START Data supplied

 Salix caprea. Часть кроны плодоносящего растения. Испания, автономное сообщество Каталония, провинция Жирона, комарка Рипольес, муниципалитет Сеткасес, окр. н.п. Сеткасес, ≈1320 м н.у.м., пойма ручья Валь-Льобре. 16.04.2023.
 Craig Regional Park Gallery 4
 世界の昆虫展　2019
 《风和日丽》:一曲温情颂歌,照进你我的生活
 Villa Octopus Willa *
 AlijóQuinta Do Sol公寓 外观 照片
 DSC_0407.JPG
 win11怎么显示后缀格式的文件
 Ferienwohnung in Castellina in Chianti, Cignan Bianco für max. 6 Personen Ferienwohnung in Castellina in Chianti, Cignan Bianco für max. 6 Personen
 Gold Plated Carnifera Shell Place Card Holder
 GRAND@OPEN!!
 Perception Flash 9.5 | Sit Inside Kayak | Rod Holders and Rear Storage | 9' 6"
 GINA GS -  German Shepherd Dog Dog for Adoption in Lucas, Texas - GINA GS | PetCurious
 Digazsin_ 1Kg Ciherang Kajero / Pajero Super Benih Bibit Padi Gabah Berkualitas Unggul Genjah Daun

END Data supplied

Activity: All lines of the data are to be repeated exactly as they stand.

Response to this task:
 Salix caprea. Часть кроны плодоносящего растения. Испания, автономное сообщество Каталония, провинция Жирона, комарка Рипольес, муниципалитет Сеткасес, окр. н.п. Сеткасес, ≈1320 м н.у.м., пойма ручья Валь-Льобре. 16.04.2023.
 Craig Regional Park Gallery 4
 世界の昆虫展　2019
 《风和日丽》:一曲温情颂歌,照进你我的生活
 Villa Octopus Willa *
 AlijóQuinta Do Sol公寓 外观 照片
 DSC_0407.JPG
 win11怎么显示后缀格式的文件
 Ferienwohnung in Castellina in Chianti, Cignan Bianco für max. 6 Personen Ferienwohnung in Castellina in Chianti, Cignan Bianco für max. 6 Personen
 Gold Plated Carnifera Shell Place Card Holder
 GRAND@OPEN!!
 Perception Flash 9.5 | Sit Inside Kayak | Rod Holders and Rear Storage | 9' 6"
 GINA GS -  German Shepherd Dog Dog for Adoption in Lucas, Texas - GINA GS | PetCurious
 Digazsin_ 1Kg Ciherang Kajero / Pajero Super Benih Bibit Padi Gabah Berkualitas Unggul Genjah Daun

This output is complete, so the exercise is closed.